Background: MCF is a fundamental problem in combinatorial optimization, with broad applications in traffic network routing, EDA chip design, and computer vision (multi-object tracking). Classical solvers include Network Simplex, Successive Shortest Paths (SSP), and ε-relaxation.

Limitations of Prior Work: Solving large-scale MCF instances (millions of nodes/edges) is computationally expensive. Worst-case analysis is overly pessimistic—SSP theoretically requires exponential iterations, yet converges rapidly in practice.

Rise of Algorithms with Predictions: The "algorithms with predictions" framework has recently achieved results on matching (Dinitz et al. 2021), maximum flow (Davies et al. 2023), and minimum cut, yet MCF remains unexplored.

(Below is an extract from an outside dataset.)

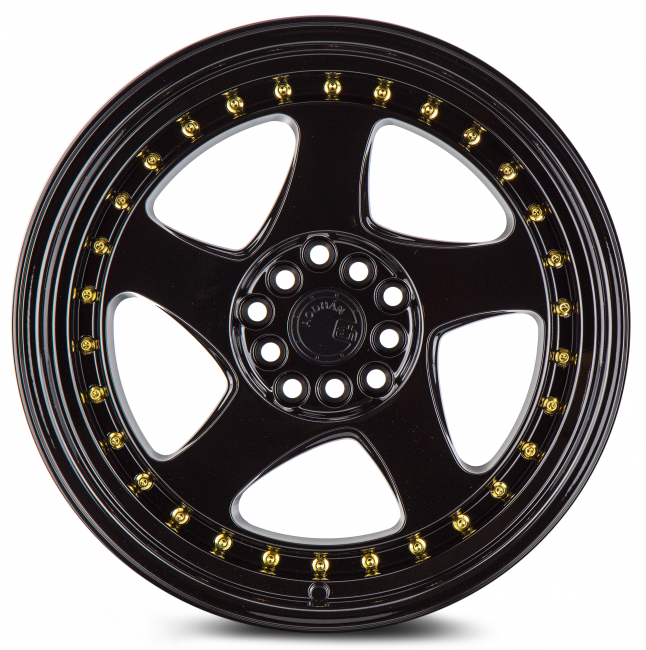 Aodhan AH01 Full Gloss Black (Gold Rivet) 17x9 (+25) 5x100/5x114.3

Why ε-relaxation: (a) It is a dual algorithm, so predictions require only \(n\) variables (vs. \(m\) for the primal); (b) it is naturally parallelizable (node iterations are decoupled); (c) its complexity analysis is tractable, unlike Network Simplex whose complexity is unknown.

Core Idea: Learn a predicted dual optimal solution \(\hat{p}\) for MCF and warm-start ε-relaxation, reducing complexity from \(O(n^3\log(nC))\) to \(O(n^3\log\|\hat{p}-p^*\|_\infty)\).

Method

Overall Architecture

Given network \(G=(V,E)\) (with \(n\) nodes, \(m\) edges, edge costs \(a_{ij}\), capacities \([b_{ij}, c_{ij}]\), and node supplies \(s_i\)) and a dual prediction \(\hat{p}\), the pipeline proceeds as follows: preprocessing (shift so that \(\min_i \hat{p}_i=0\), then clip to \([0,(n-1)C]\)) → warm-start ε-relaxation to solve for the optimal flow. A cost-scaling technique is incorporated for multi-scale iterative convergence.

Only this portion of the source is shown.